The Point of Curriculum Maps

Over at her blog, Linda Suskie asks the question, “Why are we doing curriculum maps?”  She argues that curriculum maps—charts that show where learning goals are achieved in program requirements—can answer several questions:

Is the curriculum designed to ensure that every student has enough opportunity to achieve each of its key learning goals? A program curriculum map will let you know if a program learning goal is addressed only in elective courses or only in one course.

Is the curriculum appropriately coherent? Is it designed so students strengthen their achievement of program learning goals as they progress through the program? Or is attention to program learning goals scattershot and disconnected?

Does the curriculum give students ample and diverse opportunities to achieve its learning goals? Many learning goals are best achieved when students experience them in diverse settings, such as courses with a variety of foci.

Does the curriculum have appropriate, progressive rigor? Do higher-numbered courses address program learning goals on a more advanced level than introductory courses? While excessive prerequisites may be a barrier to completion, do upper-level courses have appropriate prerequisites to ensure that students in them tackle program learning goals at an appropriately advanced level?

Does the curriculum conclude with a capstone experience? Not only is this an excellent opportunity for students to integrate and synthesize their learning, but it’s an opportunity for students to demonstrate their achievement of program learning goals as they approach graduation. A program curriculum map will tell you if you have a true capstone in which students synthesize their achievement of multiple program learning goals.

Is the curriculum sufficiently focused and simple? You should be able to view the curriculum map on one piece of paper or computer screen. If you can’t do this, your curriculum is probably too complicated and therefore might be a barrier to student success.

Is the curriculum responsive to the needs of students, employers, and society? Look at how many program learning goals are address in the program’s internship, field experience, or service learning requirement. If a number of learning goals aren’t addressed there, the learning goals may not be focusing sufficiently on what students most need to learn for post-graduation success.

She doesn’t view the primary purpose of curriculum maps as identifying where in a curriculum to find assessments of particular learning goals.  I’ve previously argued the contrary: that this is the primary purpose of curriculum maps, but I think I’m coming around to Ms. Suskie’s view.  The point I would emphasize, however, is that curriculum mapping—while valuable—is not in and of itself programmatic assessment.  It does not demonstrate whether students are achieving the learning outcomes we have set out for them, only where evidence of such learning may be found.

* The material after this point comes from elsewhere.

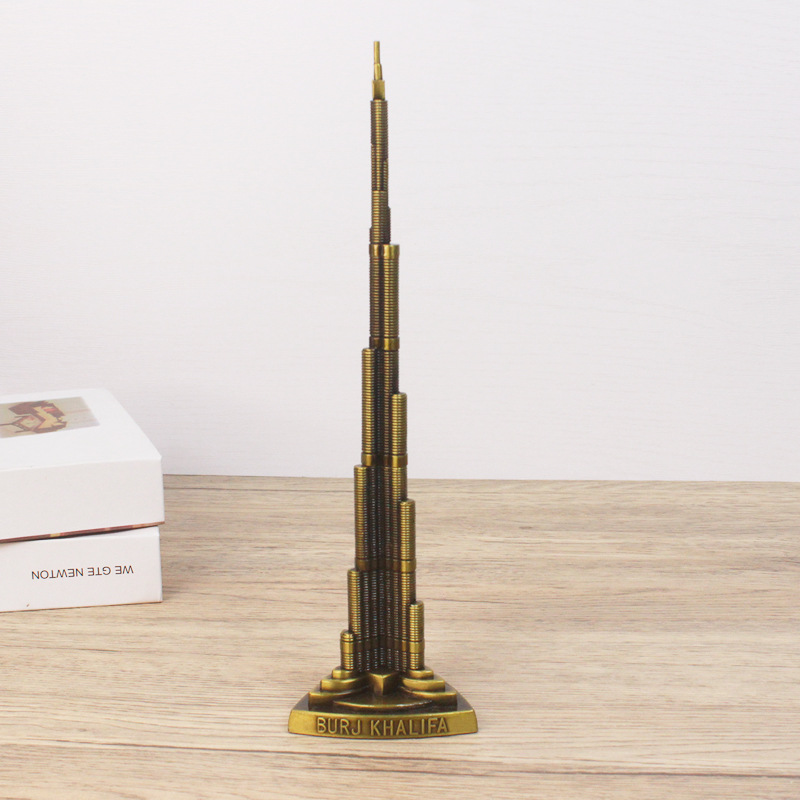 Dubai Burj Khalifa ornaments,  - مراجعة Home Office Dubai وسعره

As a tool for assessing the curriculum (versus student learning), maps can be helpful tools.  Ms. Suskie offers several suggestions in this regard:

Elective courses have no place in a curriculum map. Remember one of the purposes is to ensure that the curriculum is designed to ensure that every student has enough opportunity to achieve every learning goal. Electives don’t help with this analysis.

My take: I agree and disagree.  Electives are not helpful if you are trying to determine what every student will have learned.  But a map with elective courses can demonstrate a mismatch between degree requirements and learning outcomes.  For example, at our school, a curriculum map showed that although we identified negotiation as a critical skill for our students, it was only being taught in a handful of electives that only a small number of students were taking.  (This led us to develop an innovative, required course for all students in Lawyering skills.)

List program requirements, not program courses. If students can choose from any of four courses to fulfill a particular requirement, for example, group those four courses together and mark only the program learning outcomes that all four courses address.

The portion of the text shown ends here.